Excerpt: Far Creek Road: A Novel (by (author) Lesley Krueger)
I wish I had some of the furniture my father made for that house on Far Creek Road. He built a blond oak bedroom suite for the master bedroom with a headboard that was really a bookshelf one book high, my father being a reader. My mother would hide a chocolate egg there at Easter and they kept a loud rattling alarm clock on my father’s side of the bed, its numbers lighting up at night in a pale radioactive green. When my parents were able to afford a store-bought suite, my father and my Uncle Punk would move the oak set into the spare bedroom, and that was its first step out the door.

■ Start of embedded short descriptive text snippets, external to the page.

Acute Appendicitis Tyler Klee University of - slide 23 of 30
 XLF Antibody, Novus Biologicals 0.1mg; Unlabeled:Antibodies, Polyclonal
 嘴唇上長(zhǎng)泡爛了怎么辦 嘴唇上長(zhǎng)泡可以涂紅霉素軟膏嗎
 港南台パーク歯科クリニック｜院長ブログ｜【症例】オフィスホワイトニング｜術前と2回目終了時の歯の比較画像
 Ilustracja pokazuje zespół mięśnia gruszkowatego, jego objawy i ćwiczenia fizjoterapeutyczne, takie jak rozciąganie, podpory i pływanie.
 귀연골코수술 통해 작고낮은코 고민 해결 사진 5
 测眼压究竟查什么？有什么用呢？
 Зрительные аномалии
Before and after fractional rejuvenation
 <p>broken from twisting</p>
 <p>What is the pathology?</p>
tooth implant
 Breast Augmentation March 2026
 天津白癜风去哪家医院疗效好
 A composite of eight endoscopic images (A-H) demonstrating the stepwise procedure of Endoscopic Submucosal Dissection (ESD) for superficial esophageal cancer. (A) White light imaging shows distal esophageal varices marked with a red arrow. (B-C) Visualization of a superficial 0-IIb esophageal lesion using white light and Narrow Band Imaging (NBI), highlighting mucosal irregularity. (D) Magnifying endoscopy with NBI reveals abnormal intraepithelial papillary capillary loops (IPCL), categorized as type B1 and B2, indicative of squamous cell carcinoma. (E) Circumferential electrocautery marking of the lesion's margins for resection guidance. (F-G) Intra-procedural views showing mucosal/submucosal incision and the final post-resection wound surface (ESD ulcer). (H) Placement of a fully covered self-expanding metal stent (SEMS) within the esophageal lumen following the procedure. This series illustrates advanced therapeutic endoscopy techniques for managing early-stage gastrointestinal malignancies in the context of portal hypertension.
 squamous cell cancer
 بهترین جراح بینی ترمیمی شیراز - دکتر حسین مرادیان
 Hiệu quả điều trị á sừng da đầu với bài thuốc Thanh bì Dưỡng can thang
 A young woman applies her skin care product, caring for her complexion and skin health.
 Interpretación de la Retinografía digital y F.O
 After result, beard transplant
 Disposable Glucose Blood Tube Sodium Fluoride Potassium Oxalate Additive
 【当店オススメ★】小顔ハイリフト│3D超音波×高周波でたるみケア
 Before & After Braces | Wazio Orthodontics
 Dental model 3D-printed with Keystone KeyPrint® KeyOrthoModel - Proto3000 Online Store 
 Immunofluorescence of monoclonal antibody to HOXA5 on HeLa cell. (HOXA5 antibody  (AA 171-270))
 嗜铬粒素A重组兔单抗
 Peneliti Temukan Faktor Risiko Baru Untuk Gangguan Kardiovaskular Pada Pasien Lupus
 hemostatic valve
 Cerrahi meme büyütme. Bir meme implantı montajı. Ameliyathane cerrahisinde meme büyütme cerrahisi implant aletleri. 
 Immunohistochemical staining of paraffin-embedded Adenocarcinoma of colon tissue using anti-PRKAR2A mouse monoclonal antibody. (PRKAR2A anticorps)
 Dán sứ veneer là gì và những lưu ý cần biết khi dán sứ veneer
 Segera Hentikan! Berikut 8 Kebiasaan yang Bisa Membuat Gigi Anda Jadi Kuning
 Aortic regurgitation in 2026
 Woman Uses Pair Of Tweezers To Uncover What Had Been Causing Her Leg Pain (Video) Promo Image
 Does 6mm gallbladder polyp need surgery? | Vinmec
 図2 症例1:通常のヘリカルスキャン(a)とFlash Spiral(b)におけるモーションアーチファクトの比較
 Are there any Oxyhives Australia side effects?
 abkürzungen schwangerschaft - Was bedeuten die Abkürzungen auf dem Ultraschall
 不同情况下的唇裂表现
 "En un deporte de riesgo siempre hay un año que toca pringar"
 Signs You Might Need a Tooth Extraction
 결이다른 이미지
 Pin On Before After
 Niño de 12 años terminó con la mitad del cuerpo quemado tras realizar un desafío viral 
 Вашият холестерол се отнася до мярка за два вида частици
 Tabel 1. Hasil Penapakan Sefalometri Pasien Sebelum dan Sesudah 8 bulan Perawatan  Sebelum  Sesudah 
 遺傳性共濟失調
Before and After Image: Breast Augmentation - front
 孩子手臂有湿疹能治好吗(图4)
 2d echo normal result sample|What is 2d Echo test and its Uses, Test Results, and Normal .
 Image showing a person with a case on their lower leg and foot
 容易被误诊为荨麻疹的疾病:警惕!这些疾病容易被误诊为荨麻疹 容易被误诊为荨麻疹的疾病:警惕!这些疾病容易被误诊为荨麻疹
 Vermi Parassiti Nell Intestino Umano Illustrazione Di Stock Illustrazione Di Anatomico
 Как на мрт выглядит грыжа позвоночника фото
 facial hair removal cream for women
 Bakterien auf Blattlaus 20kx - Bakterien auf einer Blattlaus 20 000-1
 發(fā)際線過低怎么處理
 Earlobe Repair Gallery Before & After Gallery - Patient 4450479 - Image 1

My father, Hall Parker, often withdrew to his workshop, which was built into the unfinished back end of the basement. The floor and the back wall were concrete, and pushed up against the rough wall was a workbench my father had built himself. The work surface was a wide slab of wood that Uncle Punk got for him at one of the mills, and its four iron legs were salvaged from a broken-down conveyer belt.
My father was a tall man who looked even taller in the basement. He had a slight stoop and wore black-rimmed Clark Kent glasses, and I thought both of these came from his job in the local railway headquarters over town. He said he was a bookkeeper but my mother called him an accountant, and she liked to say the Parkers were early settlers in the province who had once owned canneries and timber concessions. My father was older than most of the other fathers in our suburb, but he was popular, and always ready to fix anybody’s car. People waved when they saw him, which made me proud, although it was also understood that Hall Parker—everybody called him by both names—Hall Parker had his moods.
My father usually went into his workshop on weekends, but sometimes he went there straight after work, not even coming in the kitchen but going directly through the basement. Those were the times I had to leave his dinner on a stool outside his workshop. It didn’t have a door, and when I put down his plate, he would keep his back to me and push things around on his workbench as if he didn’t know I was there. I tiptoed, but that was politeness, too. It was because of the war, my mother said. But my father wasn’t usually like that.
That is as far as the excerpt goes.